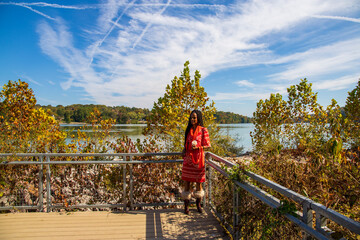 Wall Mural - an African American woman with long sisterlocks wearing an orange dress standing on a wooden platform on the banks of the Tennessee River surrounded by autumn colored trees and lush green trees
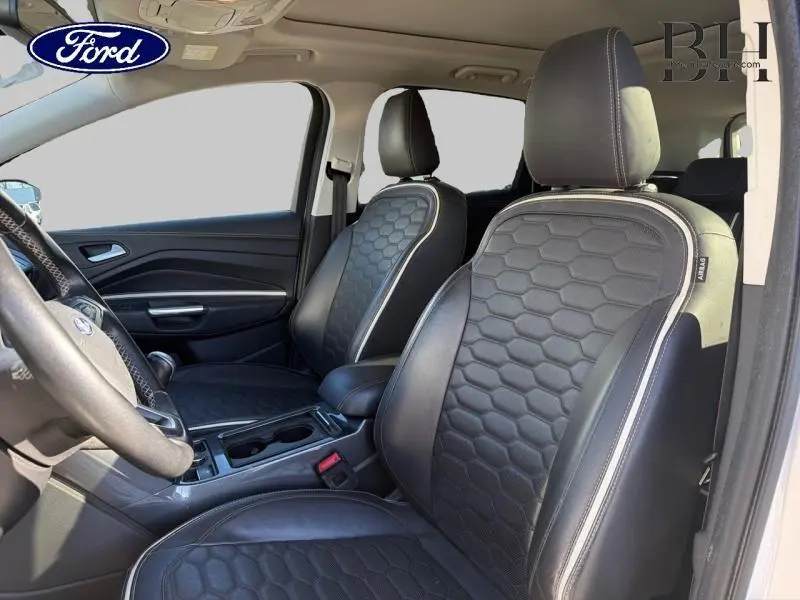 Vue intérieure côté conducteur du Ford Kuga 2017 avec sièges sport en cuir noir à motifs hexagonaux et surpiqûres claires.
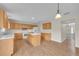 Open kitchen with island, wood cabinets, and white appliances at 1703 Alhambra Crest Dr, Ruskin, FL 33570
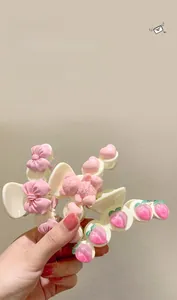 Détail de la pince à cheveux crème avec motifs de pêche rose, nœud et petit ours
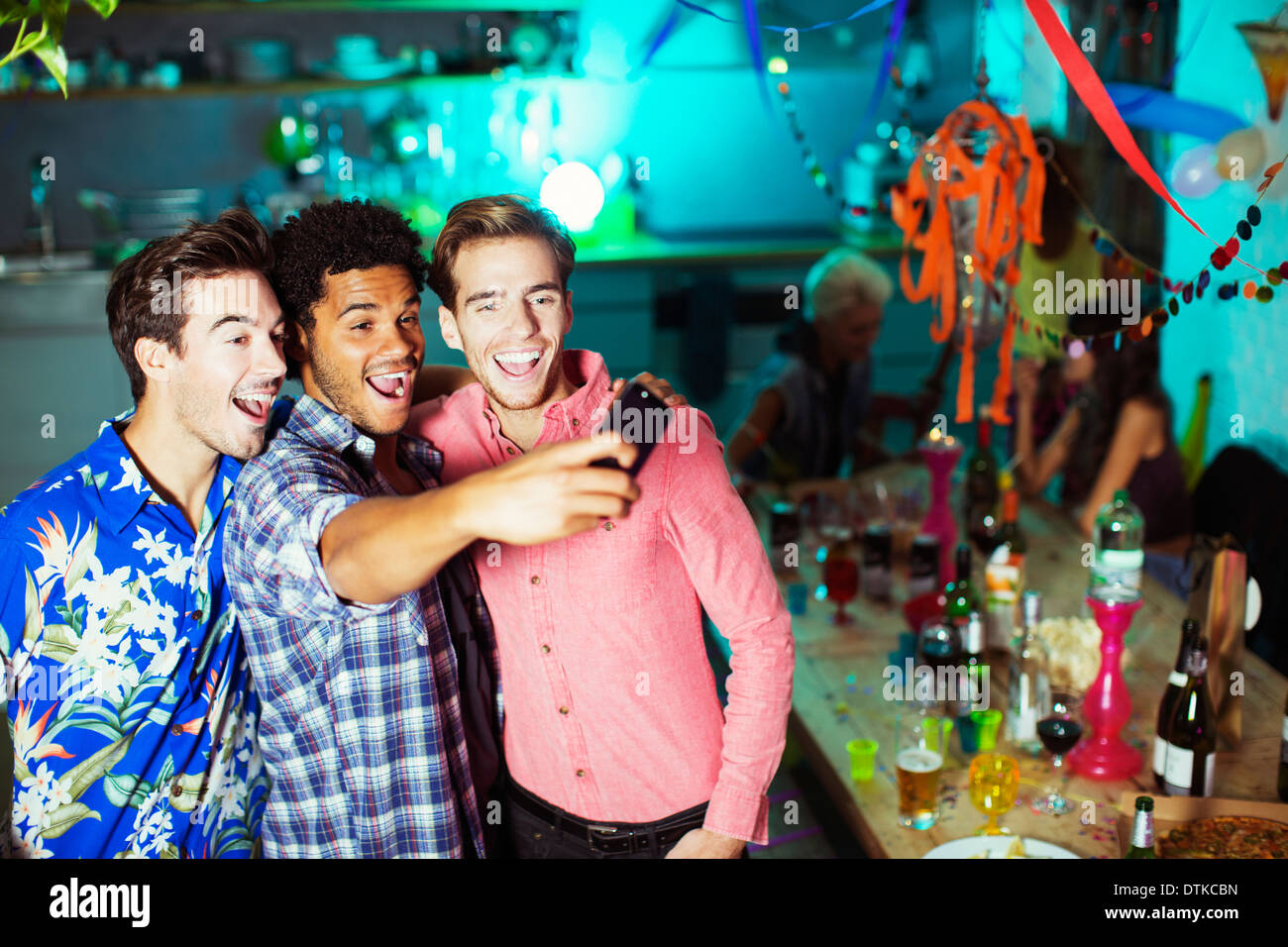 Les hommes prendre des auto-portraits avec camera phone at party Banque D'Images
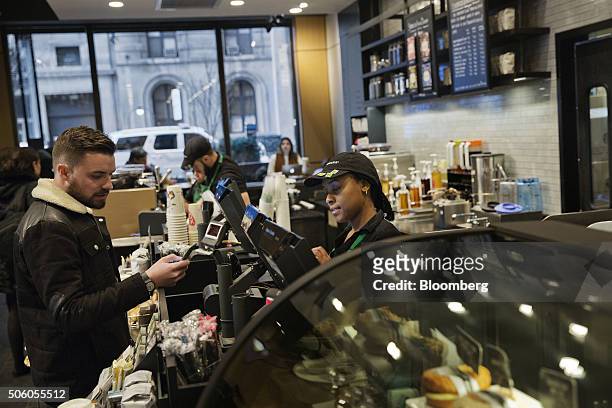 Customer orders a beverage inside a Starbucks Corp. Coffee shop in New York, U.S., on Monday, Jan. 18, 2016. Starbucks Corp. Is scheduled to release...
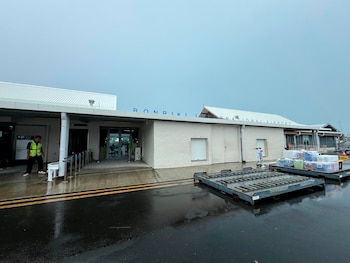 Edificio del Aeropuerto Internacional Bonriki con letrero azul, un hombre con chaleco amarillo, pavimento mojado, dos carros de carga, cielo gris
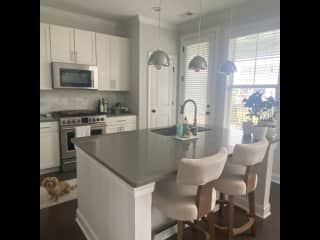 Kitchen with gas stove and stainless steel appliances. Coffee maker, air fryer, crockpot, non stick cookware.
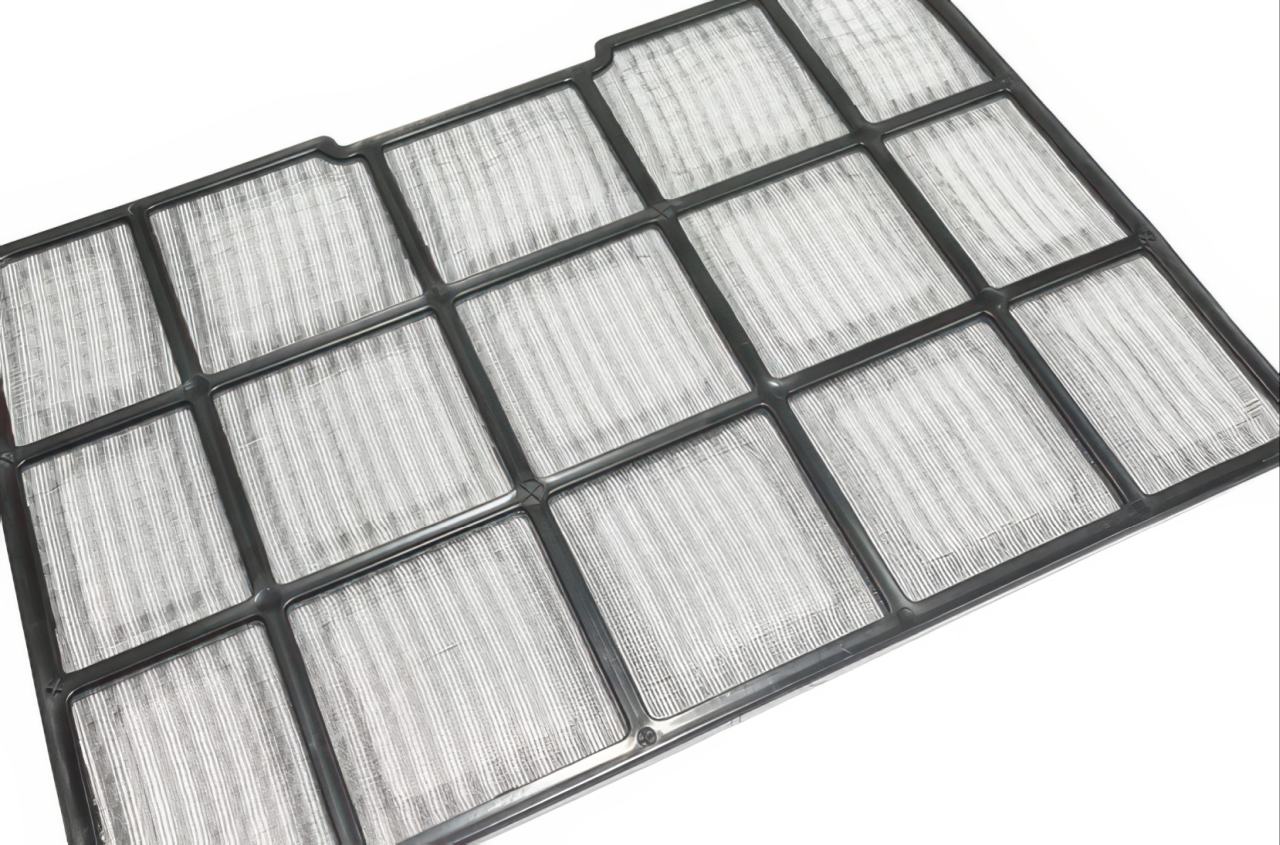 Rectangular air conditioning filter with black plastic grid frame containing multiple white pleated filter panels on white background.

★ ★ ★

> What you should do
None of the pictures should appear; repeat the records exactly otherwise.

> Task answer
 Wall Mural - an African American woman with long sisterlocks wearing an orange dress standing on a wooden platform on the banks of the Tennessee River surrounded by autumn colored trees and lush green trees
 Vue intérieure côté conducteur du Ford Kuga 2017 avec sièges sport en cuir noir à motifs hexagonaux et surpiqûres claires.
 Open kitchen with island, wood cabinets, and white appliances at 1703 Alhambra Crest Dr, Ruskin, FL 33570
 Détail de la pince à cheveux crème avec motifs de pêche rose, nœud et petit ours
 Les hommes prendre des auto-portraits avec camera phone at party Banque D'Images
 Customer orders a beverage inside a Starbucks Corp. Coffee shop in New York, U.S., on Monday, Jan. 18, 2016. Starbucks Corp. Is scheduled to release...
 Edificio del Aeropuerto Internacional Bonriki con letrero azul, un hombre con chaleco amarillo, pavimento mojado, dos carros de carga, cielo gris
 Kitchen with gas stove and stainless steel appliances. Coffee maker, air fryer, crockpot, non stick cookware.
 Rectangular air conditioning filter with black plastic grid frame containing multiple white pleated filter panels on white background.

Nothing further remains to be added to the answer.